There are moments in life you think you’re prepared for. You think you’ve braced, planned, steeled your heart. And then the moment comes, and your chest just… drops.
Losing Sadie did that to me.
I knew I couldn’t stay in Florida after, at least not by myself right away. I couldn’t get up and do our morning coffee on the deck. I stared at her grass still on the patio. The quiet wasn’t peaceful or grounding or reflective.
It was suffocating.
So I did what any emotionally responsible adult woman does: I boarded a plane.
Straight to San Diego and into the arms of my girlfriends, the kind of girlfriends who don’t require backstory. They take one look at your face and go, “Okay. Shoes off. Hug first. Wine second.”
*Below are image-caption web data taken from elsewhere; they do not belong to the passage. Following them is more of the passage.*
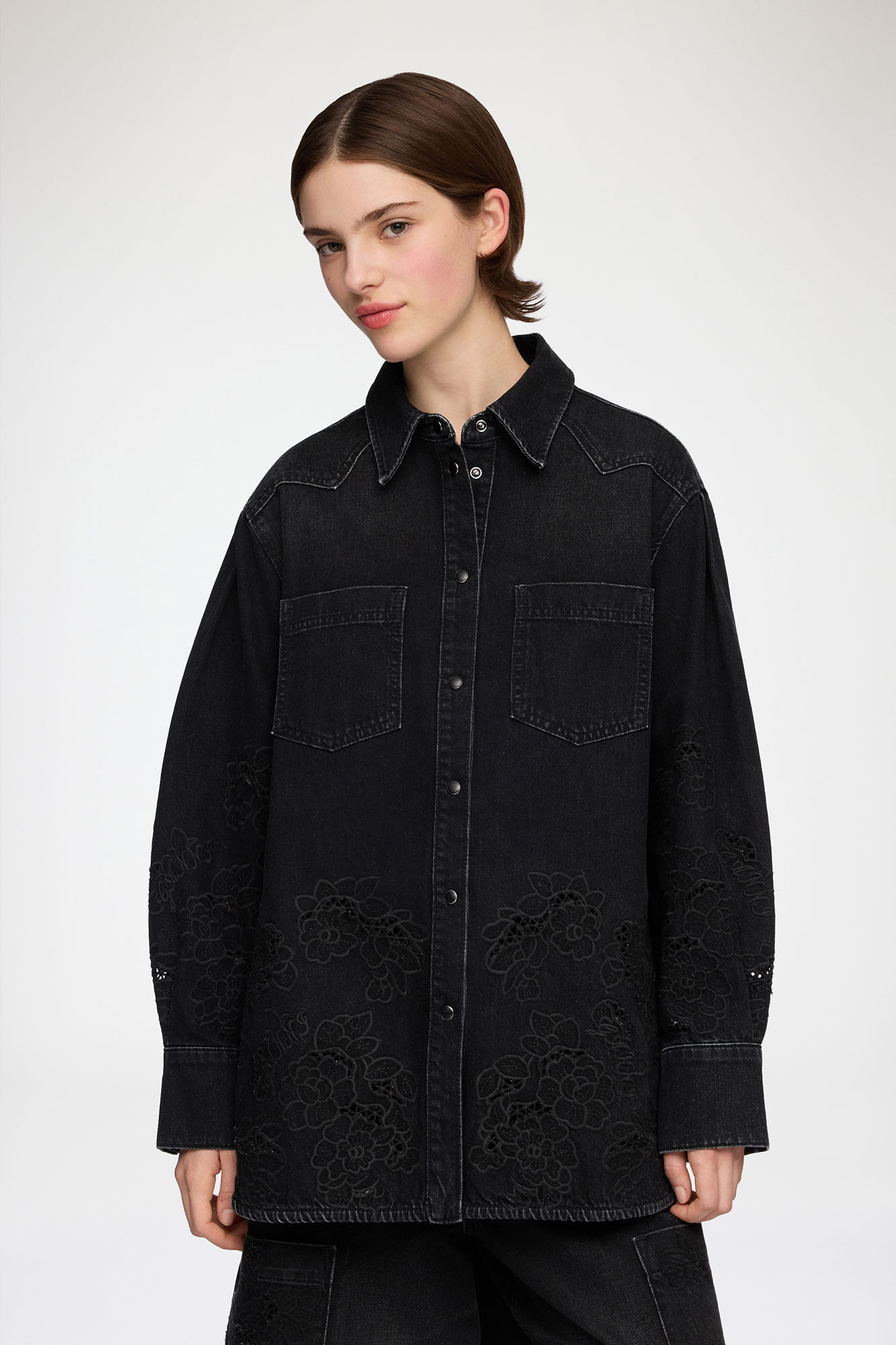 Shirt in Denim Broderie Anglaise, Organic Cotton, in colour Black Washed - 1 - GANNI
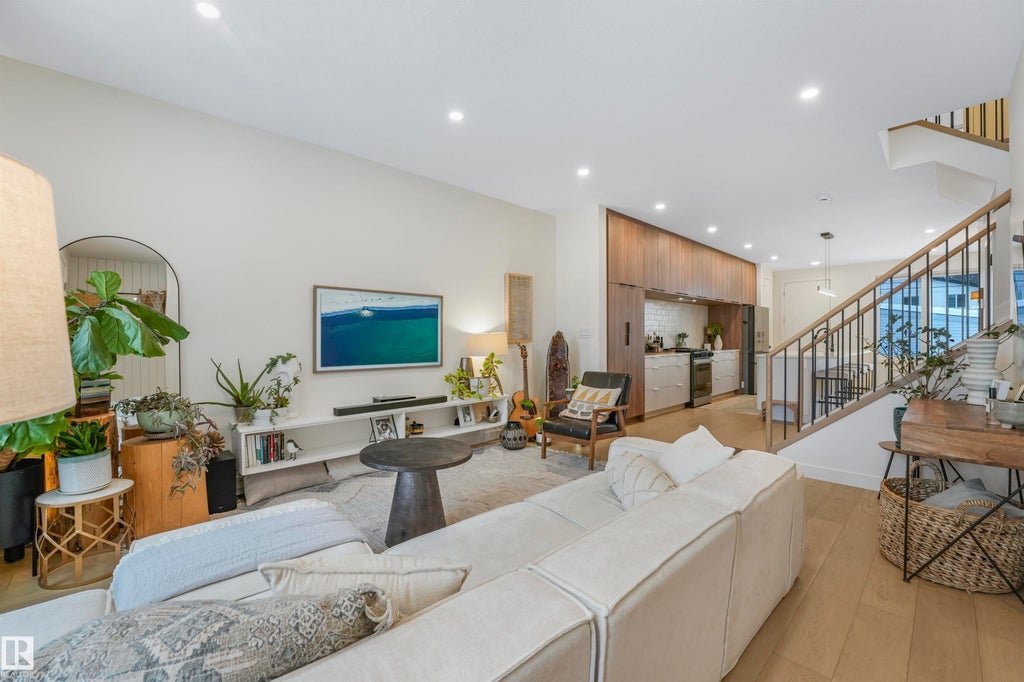 8634 79 Street Nw, Edmonton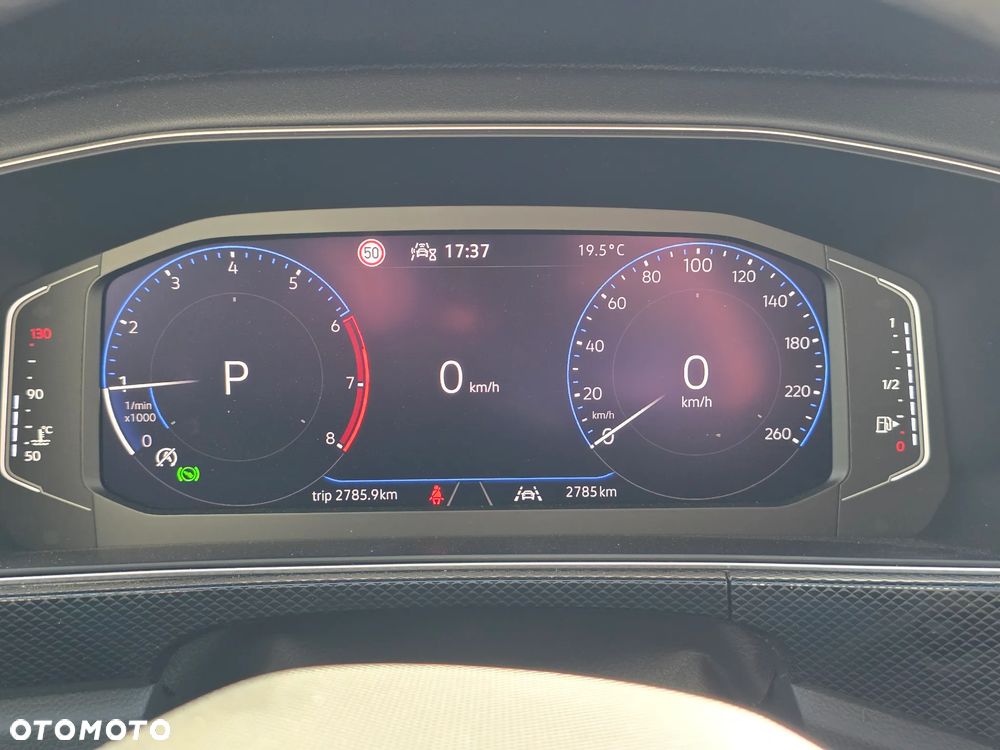 Volkswagen T-Cross 1.0 TSI R-Line Plus DSG - 18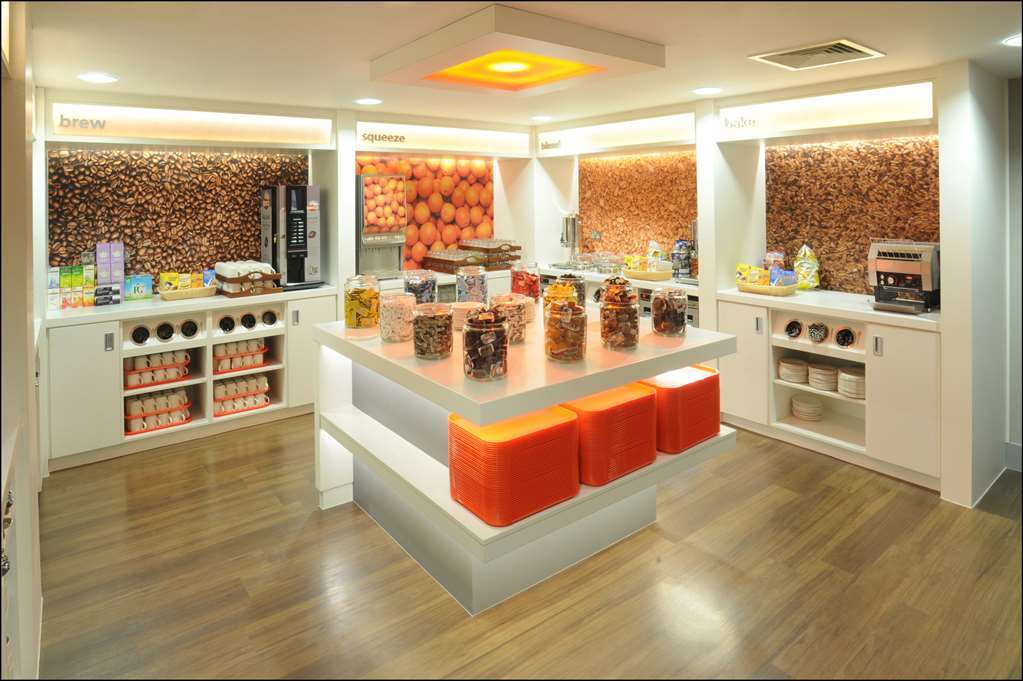 מלון Hampton By Hilton Newcastle מסעדה תמונה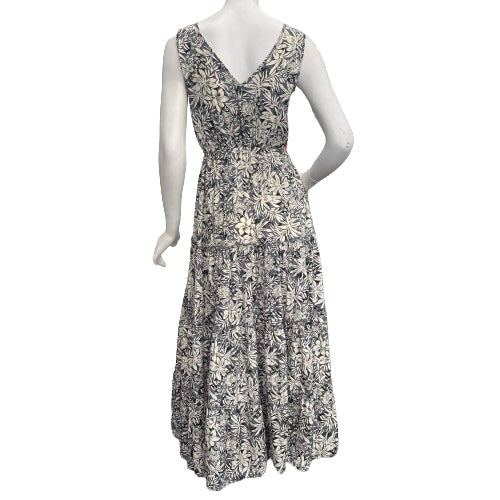 Paani Grey/Ivory V-Neck Sleeveless Maxi Dress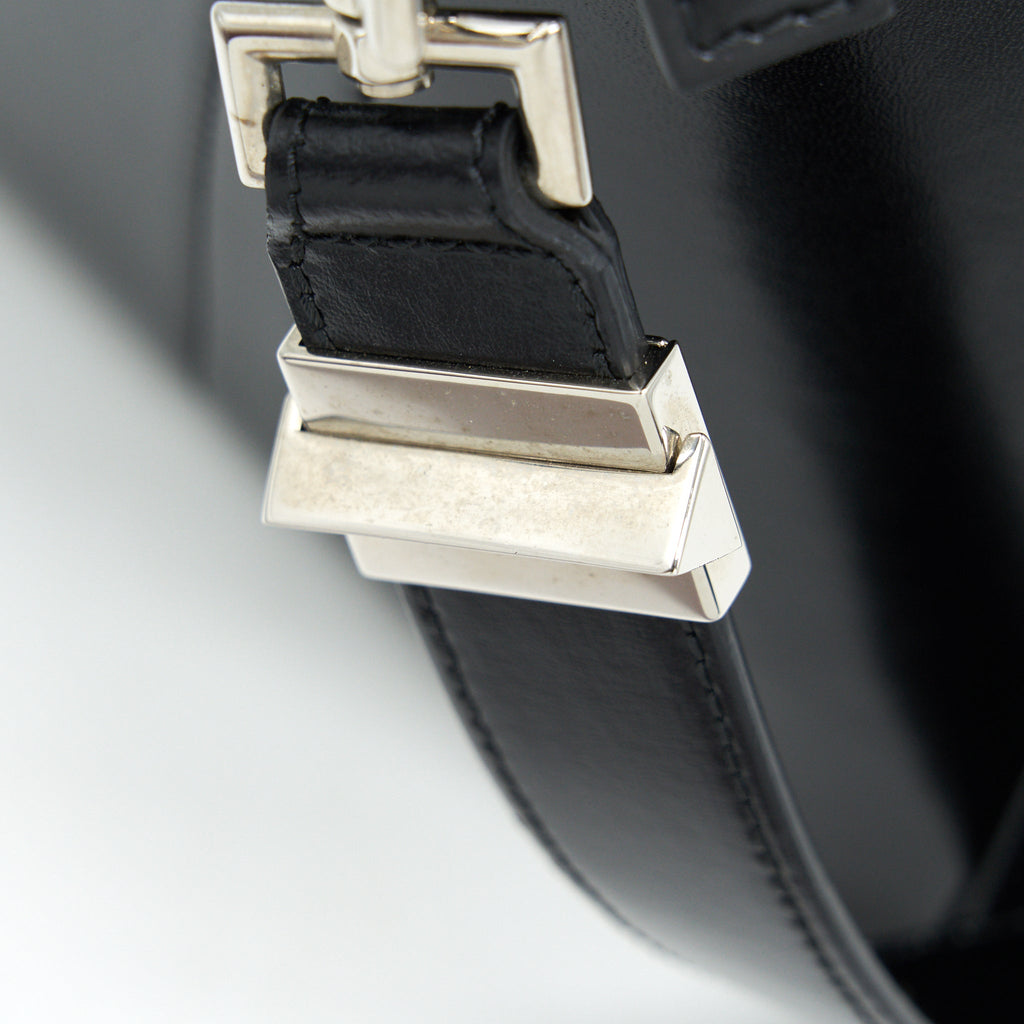 GIVENCHY MEDIUM ANTIGONA IN BLACK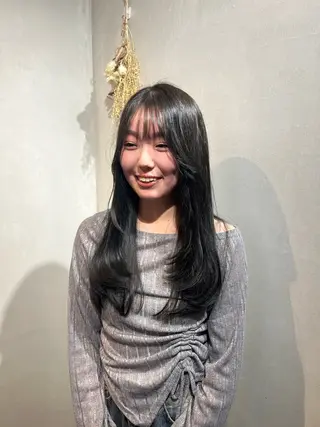 ロング Aya/四条烏丸/ インナーカラーのヘアスタイル
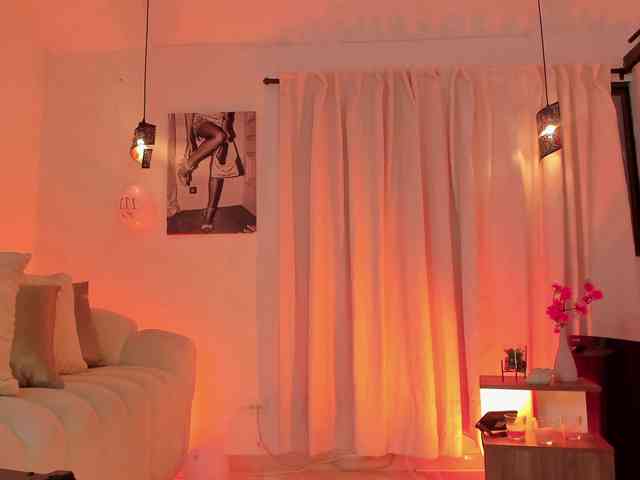 IsabellaLux- Live Webcam on BongaCams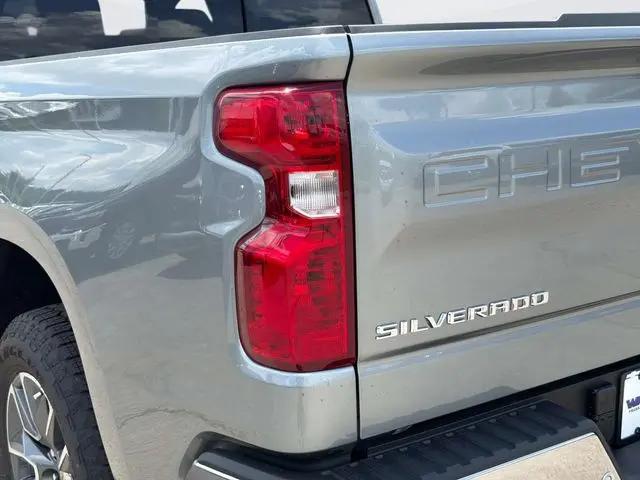 2026 Chevrolet Silverado 1500 4WD Crew Cab Standard Bed LT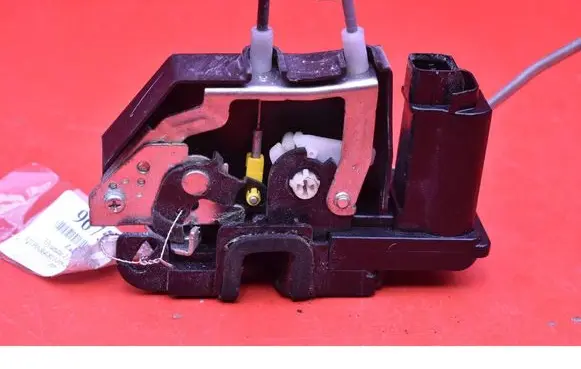 Hyundai i10 Front door lock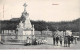 92. N°206241. Bagneux. Place Dampierre. Monument Du Commandant - Bagneux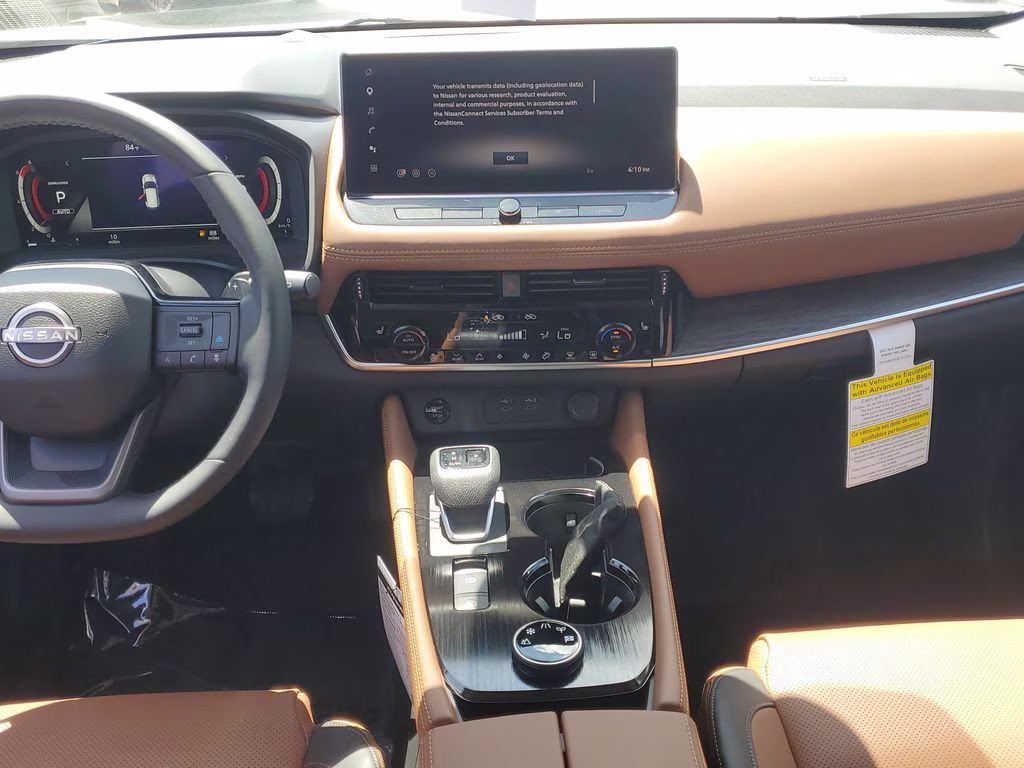 2026 Everest White Pearl/Super Black Nissan Rogue Platinum AWD SUV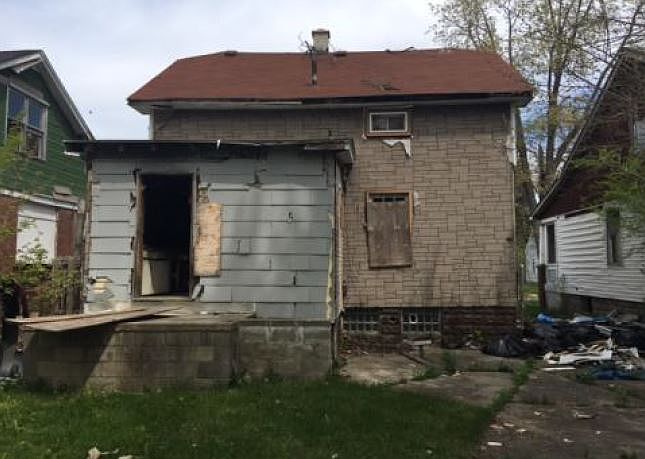 2nd image of 13680 Tacoma St
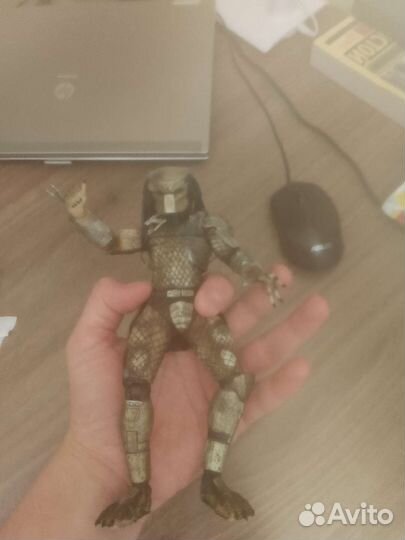 Хищник фигурка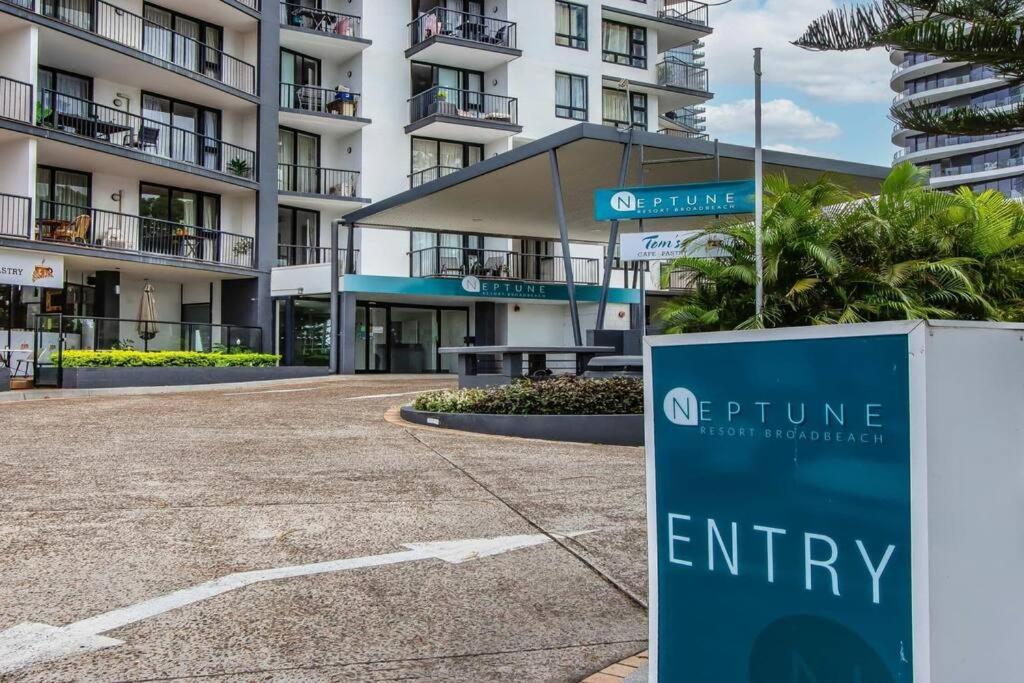 Luxurious 1-Bedroom Retreat in Heart of Broadbeach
They let me cry repeatedly and unpredictably, and they never once tried to tidy it up.
And then, because they are women of action, they moved to Phase Two:
Operation: Get Back On the Market.
So there we were:
Taking the train to Encinitas one day, Liberty Station the next, walking Seaport Village on another, all while debating what absolutely had to be in my profile.
Writing a dating bio is basically an emotional escape room puzzle. You’re trying to seem interesting, charming, witty, emotionally available, and also like you definitely don’t take yourself too seriously… all in about three sentences. Meanwhile your brain is like: Just write “I like tacos” and run.
We were practically running a mobile creative agency across the San Diego coastline.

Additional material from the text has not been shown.